Omar Ramos is a Chilean who trained at a fundamentalist Bible institute in Santiago and later began pastoring in the same dispensational Baptist denomination where he had been saved.

His formal training honed his ability to reason, and over the years he read voraciously – authors such as Calvin, Spurgeon and Lloyd-Jones. Not only did his understanding of the Word of God change radically, but there came a corresponding boldness from his new convictions concerning the sovereignty of God and the doctrines of grace.

Step of faith

After almost 17 years of growing frustration with the Arminian theology of his denomination – and several confrontations arising from divergent views of Scripture – Omar, Susana and their family took a step of faith and left the pastorate and the parsonage that was provided.

With no home and only minimal financial support, they began seeking the Lord’s direction. That was a year ago. Today he is planting Chile’s first Reformed Baptist church. While they still meet in their home, the Ramos family are confident that what God has started he will faithfully complete for his glory.

Omar’s previous frustration is typical of what others in fundamentalist churches are feeling. Years of legalistic preaching and a lack of exegetical teaching have left many believers empty – and hungry to worship a God who is sovereign.

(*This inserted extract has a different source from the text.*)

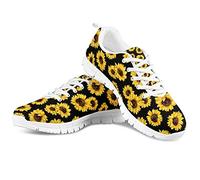 SEANATIVE Running Shoes Women Sunflowers Print Black Sneakers Easy Go Walking Flats for Girls Sport Running Jogging Shoes38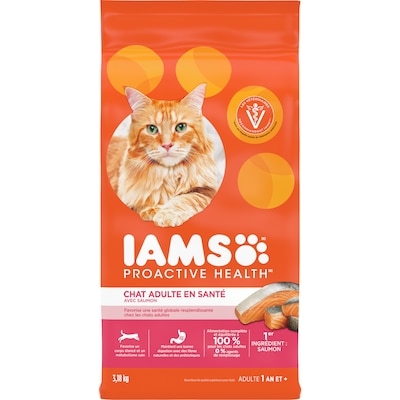 Iams Nourriture sèche pour chats adultes IAMS PROACTIVE HEALTH Healthy Adult avec saumon, sac 3.18 kg, 0,88 $/100g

One such fundamentalist denomination recently asked two Bible institute teachers and a pastor of a large congregation in Santiago to resign, simply because they were teaching a progressive dispensationalist understanding of Scripture (a position held by such esteemed theologians as John MacArthur Jr and Walter Kaiser).

While this entrenchment of fundamentalist doctrines is evident in some denominations, there is a corresponding hunger among others for a deeper, God-centred, non-dispensational understanding of Scripture.


After years of alienation from fundamentalist churches, some Pentecostal groups are growing more receptive to ‘Reformed’ principles of faith. There are also signs of rebirth among traditionally Reformed denominations, as they discover biblical doctrines, as if for the first time – and the transformation that they bring.

Closing the service in prayer, Omar reminds his fledgling congregation that his prayer for them is that they grow not by receiving disenchanted believers from other churches but by eagerly proclaiming the gospel of Christ.

Stepping out into the crisp winter air, one wonders what plans God has in store for the Reformed church in Chile. Will it boldly take the opportunities that the Lord is graciously providing, or will it look inward? At the moment, growing doctrinal understanding and outgoing boldness appear to dominate the scene.